Assessing LLMs for Front-end Software Architecture Knowledge
This work addresses the problem of unclear LLM capabilities in software design for developers, proposing a benchmark to improve AI-driven tools, though it is incremental as it applies existing methods to a new domain.
This study assessed an LLM's ability to handle software design tasks by evaluating its performance on the VIPER architecture for iOS applications using Bloom's taxonomy, finding it excelled in higher-order tasks like evaluating and creating but struggled with lower-order tasks requiring precise detail retrieval.

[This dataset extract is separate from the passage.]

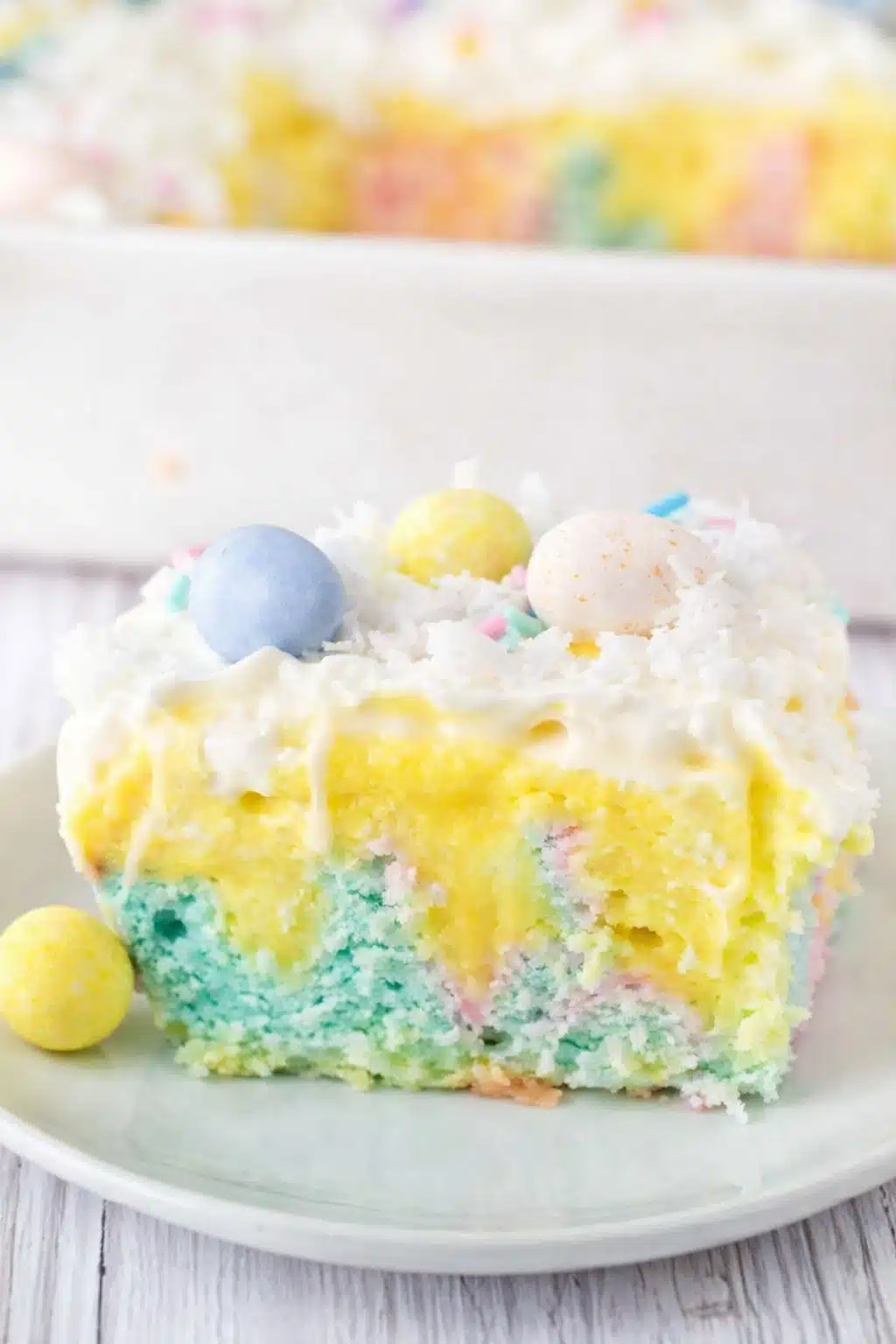 Slice of colorful Easter poke cake with vanilla pudding, whipped cream, coconut, and pastel candy eggs
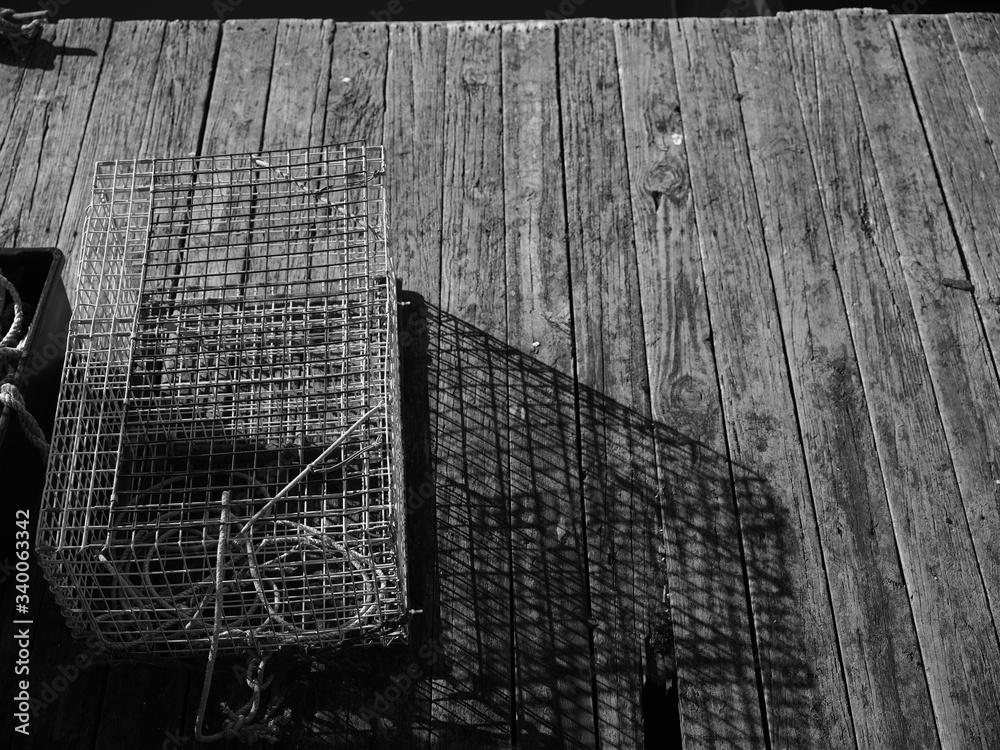Lobster trap casting long shadows on an old wooden dock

Large Language Models (LLMs) have demonstrated significant promise in automating software development tasks, yet their capabilities with respect to software design tasks remains largely unclear. This study investigates the capabilities of an LLM in understanding, reproducing, and generating structures within the complex VIPER architecture, a design pattern for iOS applications. We leverage Bloom's taxonomy to develop a comprehensive evaluation framework to assess the LLM's performance across different cognitive domains such as remembering, understanding, applying, analyzing, evaluating, and creating. Experimental results, using ChatGPT 4 Turbo 2024-04-09, reveal that the LLM excelled in higher-order tasks like evaluating and creating, but faced challenges with lower-order tasks requiring precise retrieval of architectural details. These findings highlight both the potential of LLMs to reduce development costs and the barriers to their effective application in real-world software design scenarios. This study proposes a benchmark format for assessing LLM capabilities in software architecture, aiming to contribute toward more robust and accessible AI-driven development tools.